The use of live ordnance is an important aspect of training, particularly in Navy-Marine Corps combined-arms exercises in preparation for deployments. "The inability to train with live ordnance at Vieques, Puerto Rico, continues to degrade the combat readiness of our Atlantic fleet ships and aircraft," a senior Navy civilian remarked privately. During his confirmation hearing before the Senate Armed Services Committee last year, Admiral Clark admitted, "We would be foolish to say there is no alternative in the long term. But I don't know what that is."

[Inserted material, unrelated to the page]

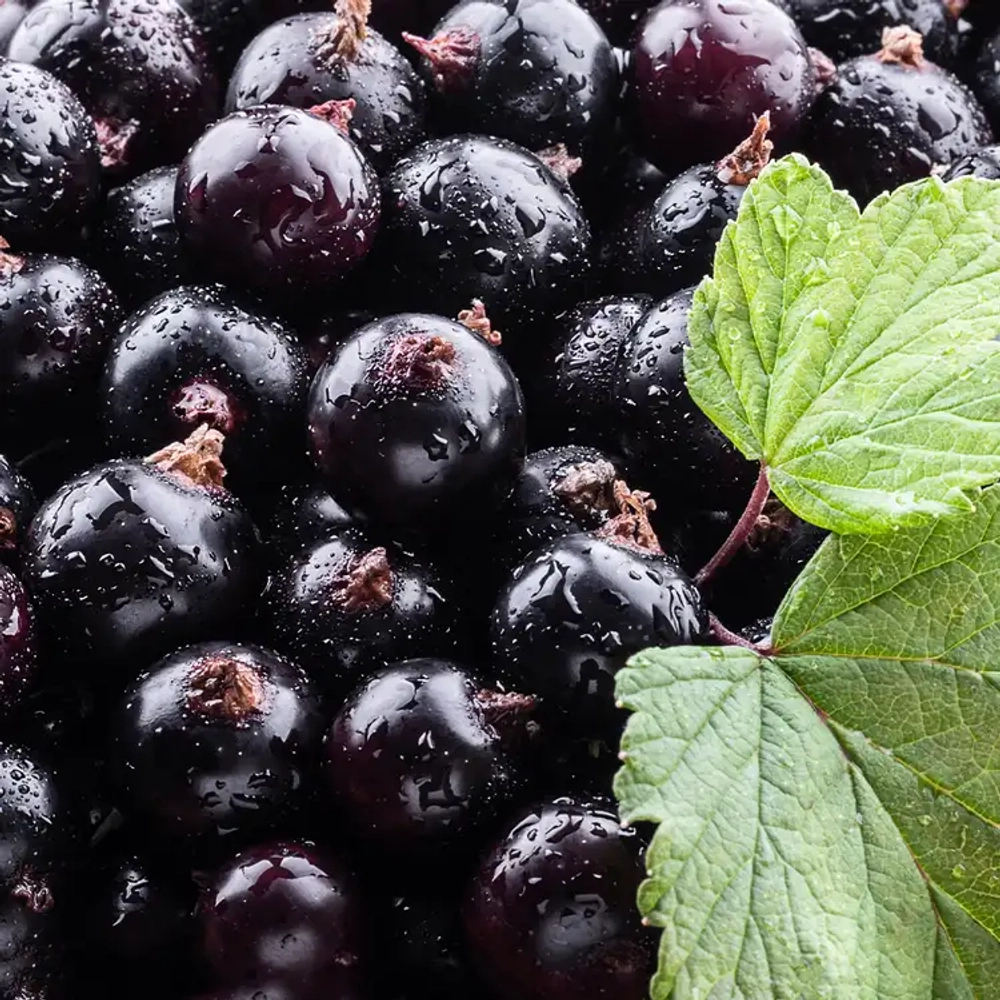 Отдушка CS - Элемент Черной Смородины (Black Currant Element)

Just four days after more than 200 protestors were removed from the Vieques bombing range on 4 May, two A-4 Skyhawks based in Puerto Rico each dropped six 25-pound inert rounds to certify the range for operations. Two days later, the Stump (DD-978) fired 5-inch gun rounds, the first time since April 1999 that the Navy could use the range, after the accidental death of civilian security guard David Sanes Rodriguez. The Puerto Rican government in January 2000 agreed to let the Navy resume exercises for three years, using inert ordnance, in exchange for a $40-million payment. A referendum is to be held among Vieques's 9,300 residents to determine the ultimate fate of the range. At the end of a late-June exercise, in which five warships fired some 600 5-inch rounds and aircraft dropped more than 830 "dummy" 500- and 1,000-pound bombs without incident, scores of activists were arrested, and four Navy people were injured in the melee.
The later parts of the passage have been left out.